Orlando at New Jersey, January 6, 2006
Final Score: New Jersey 113, Orlando 106

Player Min. Plus-Minus Eff.
Nenad Krstic 32.1 +13 15
Jason Collins 26.5 +13 10
Vince Carter 39.0 +11 29
Jason Kidd 37.6 +5 31
Richard Jefferson 33.0 +2 14
Cliff Robinson 17.0 +1 11
Jacque Vaughn 20.9 +0 10
Lamond Murray 11.8 -2 7
Jeff McInnis 8.5 -3 2
Scott Padgett 13.5 -5 7

Nice bounce-back performance by Jason Collins after a few sub-par games.

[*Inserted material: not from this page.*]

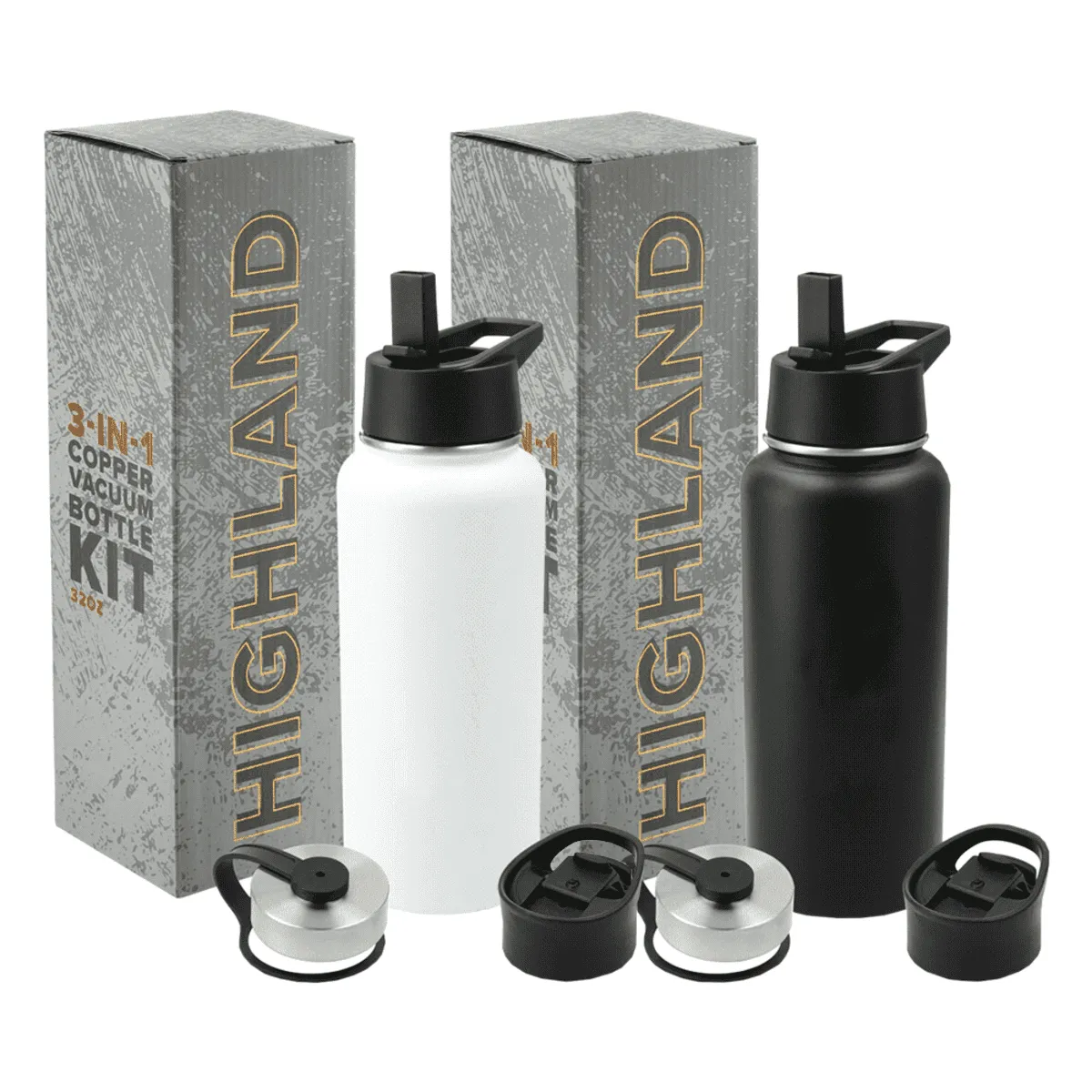 Highland 3-In-1 Copper Vacuum Bottle Kits 950Ml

This was the second time during the winning streak that the Nets faced the Magic. Just for fun, let’s review the prior game:

Prior Game against Orlando:
New Jersey at Orlando, December 21, 2005
Final Score: New Jersey 96, Orlando 85

Player Min. Plus-Minus Eff.
Jason Kidd 39.0 +11 13
Richard Jefferson 40.3 +10 23
Vince Carter 36.5 +8 32
Nenad Krstic 21.3 -1 6
Jason Collins 4.8 -5 0
Cliff Robinson 27.2 +18 4
Lamond Murray 27.4 +7 15
Jeff McInnis 5.9 +1 -1
Jacque Vaughn 9.2 +1 4
Scott Padgett 13.7 0 6

Totals—New Jersey vs. Orlando

Player Min. Plus-Minus Eff.
Vince Carter 75.5 +19 61
Jason Kidd 76.6 +16 44
Nenad Krstic 53.4 +12 21
Jason Collins 31.3 +8 10
Richard Jefferson 33.0 +2 14
Cliff Robinson 44.2 +19 15
Lamond Murray 39.2 +5 22
Jacque Vaughn 30.1 +1 14
Jeff McInnis 14.4 -2 1
Scott Padgett 27.2 -5 13

These two games present a nice study in symmetry. In each game, one Nets starter left very early due to early: Collins in the first meeting, Jefferson in the second. The other key big men, Cliff Robinson and Nenad Krstic, each had one good performance and one poor performance, but at different times. On the other hand, Carter was very consistent, posting nearly plus-minus and efficiency stats against Orlando.

New Jersey at Toronto, January 8, 2005
Final Score: New Jersey 105, Toronto 104

Player Min. Plus-Minus Eff.
Vince Carter 45.2 +5 35
Nenad Krstic 33.7 +4 17
Jason Collins 23.1 -1 1
Richard Jefferson 2.0 -3 1
Jason Kidd 39.7 -5 34
Lamond Murray 22.2 +11 14
Cliff Robinson 20.1 +5 5
Jeff McInnis 3.5 -1 1
Scott Padgett 16.7 -3 6
Jacque Vaughn 31.3 -3 4
Marc Jackson 2.4 -4 3

For one of the only times during the winning streak, we see a lot of minus signs in the plus-minus column. Lamond Murray’s +11 rating stands out, and we’ll discuss this a bit more in a minute.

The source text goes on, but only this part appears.